= Donald Kimball =

American priest

Donald Wren Kimball (December 10, 1943 — September 15, 2006) was a Roman Catholic priest with a radio ministry directed toward youth, until he was removed from the priesthood over allegations of sexual abuse.

==Early life==
Kimball was born in Santa Rosa, California. His father was killed during World War II.

Kimball graduated from St. Vincent de Paul High School in Petaluma, California, and attended St. Joseph's Seminary in Mountain View, California.

In the 1970s he developed a religious radio program that targeted young people. The award-winning show blended top 40 pop music with Bible teachings.

==Scandal==
Kimball was accused of using his charm and popularity to coerce teenage girls into having sex with him. In 1990 he acknowledged having sexual contact with six young girls and church officials forced him to give up his youth ministry. He was also suspended from performing priestly duties.

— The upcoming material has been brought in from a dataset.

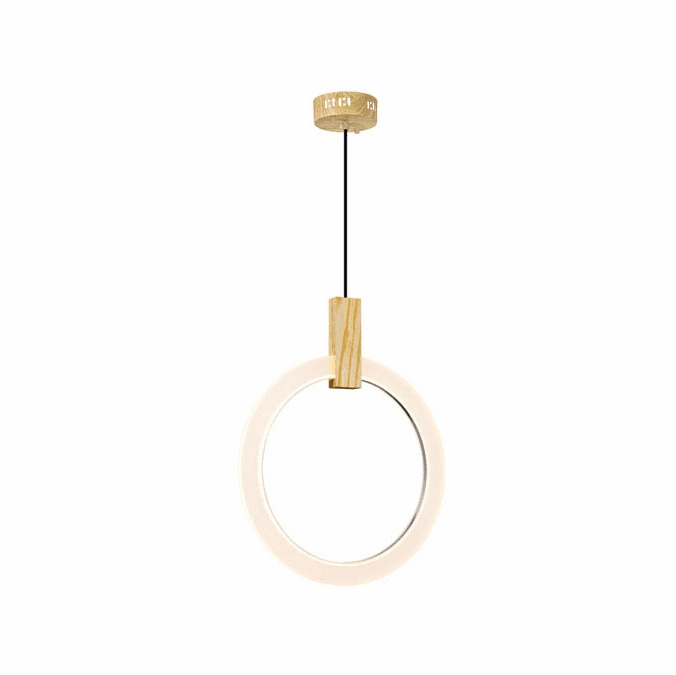 CWI Lighting 1214P16-1-236 Anello Modern White Oak LED 16" Pendant Light Fixture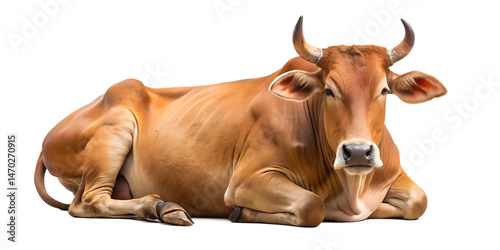 Relaxing brown cow lying down isolated on black background, cow, brown, bovine, cattle, livestock, animal, isolated, black background, lying down, resting, farm animal, mammal, agriculture, domestic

Pope John Paul II formally removed Kimball from the priesthood in 2000, the same year criminal sex abuse charges were filed against Kimball.

In 2002, Kimball was acquitted of raping a 14-year-old girl in 1977, but convicted of molesting a 13-year-old girl in 1981. The conviction was overturned in 2003 when the U.S. Supreme Court overturned a California law extending the statute of limitations for sex crimes involving children.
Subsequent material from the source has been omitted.